Required action =
Repeat the lines from the line with "4 Sylvia St" to the line with "Cimo De Vila" in the listing below, keeping both end lines and adding nothing.

Data in this exercise =
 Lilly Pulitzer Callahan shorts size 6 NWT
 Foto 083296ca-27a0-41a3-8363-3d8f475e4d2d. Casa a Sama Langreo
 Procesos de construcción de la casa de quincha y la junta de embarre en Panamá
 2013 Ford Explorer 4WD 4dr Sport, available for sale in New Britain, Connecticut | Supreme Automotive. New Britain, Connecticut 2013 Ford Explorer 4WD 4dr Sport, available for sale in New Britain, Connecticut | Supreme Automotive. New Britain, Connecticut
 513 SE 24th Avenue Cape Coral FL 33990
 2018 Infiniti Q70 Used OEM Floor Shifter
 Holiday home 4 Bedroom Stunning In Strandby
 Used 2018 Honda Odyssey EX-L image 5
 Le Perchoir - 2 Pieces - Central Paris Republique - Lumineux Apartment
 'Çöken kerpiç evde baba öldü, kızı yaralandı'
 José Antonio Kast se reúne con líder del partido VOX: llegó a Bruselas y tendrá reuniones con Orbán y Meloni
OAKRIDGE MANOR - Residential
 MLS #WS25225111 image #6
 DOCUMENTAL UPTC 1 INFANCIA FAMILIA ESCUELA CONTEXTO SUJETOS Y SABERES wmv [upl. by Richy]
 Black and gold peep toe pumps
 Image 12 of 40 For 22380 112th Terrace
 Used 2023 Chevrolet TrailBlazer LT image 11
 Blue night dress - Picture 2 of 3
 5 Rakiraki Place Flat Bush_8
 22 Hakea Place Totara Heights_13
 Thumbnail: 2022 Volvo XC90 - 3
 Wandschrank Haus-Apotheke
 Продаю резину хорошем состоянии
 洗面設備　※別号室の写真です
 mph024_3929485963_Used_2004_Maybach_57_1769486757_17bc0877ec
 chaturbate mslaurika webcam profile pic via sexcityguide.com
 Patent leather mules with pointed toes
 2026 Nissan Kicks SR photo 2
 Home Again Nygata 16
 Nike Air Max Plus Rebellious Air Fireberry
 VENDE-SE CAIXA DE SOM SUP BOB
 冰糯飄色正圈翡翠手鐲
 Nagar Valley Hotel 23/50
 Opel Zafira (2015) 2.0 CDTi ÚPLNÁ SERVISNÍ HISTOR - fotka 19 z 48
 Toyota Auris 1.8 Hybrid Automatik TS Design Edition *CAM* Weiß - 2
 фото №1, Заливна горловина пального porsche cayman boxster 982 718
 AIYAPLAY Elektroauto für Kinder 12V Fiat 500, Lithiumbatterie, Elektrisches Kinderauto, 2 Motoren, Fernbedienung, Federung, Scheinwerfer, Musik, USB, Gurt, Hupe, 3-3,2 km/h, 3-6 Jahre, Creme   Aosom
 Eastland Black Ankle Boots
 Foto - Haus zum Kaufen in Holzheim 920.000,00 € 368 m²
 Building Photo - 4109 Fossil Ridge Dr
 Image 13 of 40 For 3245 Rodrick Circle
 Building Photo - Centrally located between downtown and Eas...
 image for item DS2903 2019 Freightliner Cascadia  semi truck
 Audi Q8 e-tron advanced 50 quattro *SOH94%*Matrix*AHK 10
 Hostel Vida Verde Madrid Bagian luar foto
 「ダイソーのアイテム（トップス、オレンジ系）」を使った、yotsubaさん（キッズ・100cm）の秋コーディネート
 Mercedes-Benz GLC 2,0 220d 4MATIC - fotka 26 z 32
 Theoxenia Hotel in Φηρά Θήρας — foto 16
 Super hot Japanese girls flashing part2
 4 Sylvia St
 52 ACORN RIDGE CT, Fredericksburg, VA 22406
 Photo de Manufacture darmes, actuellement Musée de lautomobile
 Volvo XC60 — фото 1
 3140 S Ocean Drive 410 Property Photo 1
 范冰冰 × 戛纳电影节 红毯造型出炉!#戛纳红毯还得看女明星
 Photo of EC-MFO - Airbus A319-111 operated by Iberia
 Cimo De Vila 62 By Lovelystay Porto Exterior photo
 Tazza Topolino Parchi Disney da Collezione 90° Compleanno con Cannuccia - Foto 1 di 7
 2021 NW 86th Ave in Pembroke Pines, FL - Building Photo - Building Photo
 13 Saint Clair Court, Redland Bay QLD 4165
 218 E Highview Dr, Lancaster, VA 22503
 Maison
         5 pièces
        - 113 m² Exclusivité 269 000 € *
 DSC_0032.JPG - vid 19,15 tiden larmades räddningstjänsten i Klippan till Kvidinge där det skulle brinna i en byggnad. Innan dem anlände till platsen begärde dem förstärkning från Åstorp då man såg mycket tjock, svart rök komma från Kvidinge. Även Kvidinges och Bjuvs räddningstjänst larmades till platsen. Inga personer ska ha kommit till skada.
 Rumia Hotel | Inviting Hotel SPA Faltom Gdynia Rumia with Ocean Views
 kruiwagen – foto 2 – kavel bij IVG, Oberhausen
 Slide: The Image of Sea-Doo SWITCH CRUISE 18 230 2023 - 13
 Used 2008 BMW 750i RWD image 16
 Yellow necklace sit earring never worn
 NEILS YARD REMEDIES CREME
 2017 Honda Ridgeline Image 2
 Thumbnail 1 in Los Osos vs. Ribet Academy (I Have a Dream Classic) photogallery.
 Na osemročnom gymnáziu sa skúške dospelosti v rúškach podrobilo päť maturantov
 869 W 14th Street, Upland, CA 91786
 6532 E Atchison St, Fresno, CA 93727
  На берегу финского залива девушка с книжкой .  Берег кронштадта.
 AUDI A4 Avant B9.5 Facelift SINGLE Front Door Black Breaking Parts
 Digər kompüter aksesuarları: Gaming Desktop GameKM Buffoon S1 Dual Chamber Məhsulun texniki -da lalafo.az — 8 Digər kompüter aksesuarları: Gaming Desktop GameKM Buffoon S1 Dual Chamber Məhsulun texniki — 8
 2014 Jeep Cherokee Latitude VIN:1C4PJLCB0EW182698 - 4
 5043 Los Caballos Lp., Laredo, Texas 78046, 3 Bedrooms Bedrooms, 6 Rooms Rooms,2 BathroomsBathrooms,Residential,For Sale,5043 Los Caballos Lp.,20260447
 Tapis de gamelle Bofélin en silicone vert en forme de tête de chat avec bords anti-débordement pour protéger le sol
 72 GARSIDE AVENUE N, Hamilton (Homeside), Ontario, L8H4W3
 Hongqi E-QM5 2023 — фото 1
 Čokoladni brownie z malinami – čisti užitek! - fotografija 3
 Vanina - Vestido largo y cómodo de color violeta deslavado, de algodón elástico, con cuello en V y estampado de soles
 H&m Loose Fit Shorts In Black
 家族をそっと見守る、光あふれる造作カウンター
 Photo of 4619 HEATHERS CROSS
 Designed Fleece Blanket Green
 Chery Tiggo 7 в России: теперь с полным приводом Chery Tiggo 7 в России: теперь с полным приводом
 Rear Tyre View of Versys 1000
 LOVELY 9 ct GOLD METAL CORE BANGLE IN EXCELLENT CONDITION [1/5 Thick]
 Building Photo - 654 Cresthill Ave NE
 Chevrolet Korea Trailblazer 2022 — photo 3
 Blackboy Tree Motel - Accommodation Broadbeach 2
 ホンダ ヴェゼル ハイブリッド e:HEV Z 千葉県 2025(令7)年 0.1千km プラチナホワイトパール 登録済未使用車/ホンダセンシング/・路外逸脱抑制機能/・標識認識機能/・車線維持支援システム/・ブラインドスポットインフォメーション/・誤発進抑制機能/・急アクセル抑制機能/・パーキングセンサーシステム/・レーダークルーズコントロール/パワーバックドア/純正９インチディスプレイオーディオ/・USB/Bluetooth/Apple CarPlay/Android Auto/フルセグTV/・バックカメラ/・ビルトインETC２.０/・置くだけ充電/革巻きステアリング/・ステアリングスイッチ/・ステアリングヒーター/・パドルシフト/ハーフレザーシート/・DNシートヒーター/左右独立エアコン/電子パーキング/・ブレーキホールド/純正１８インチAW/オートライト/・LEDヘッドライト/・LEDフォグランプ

Answer box =
 4 Sylvia St
 52 ACORN RIDGE CT, Fredericksburg, VA 22406
 Photo de Manufacture darmes, actuellement Musée de lautomobile
 Volvo XC60 — фото 1
 3140 S Ocean Drive 410 Property Photo 1
 范冰冰 × 戛纳电影节 红毯造型出炉!#戛纳红毯还得看女明星
 Photo of EC-MFO - Airbus A319-111 operated by Iberia
 Cimo De Vila 62 By Lovelystay Porto Exterior photo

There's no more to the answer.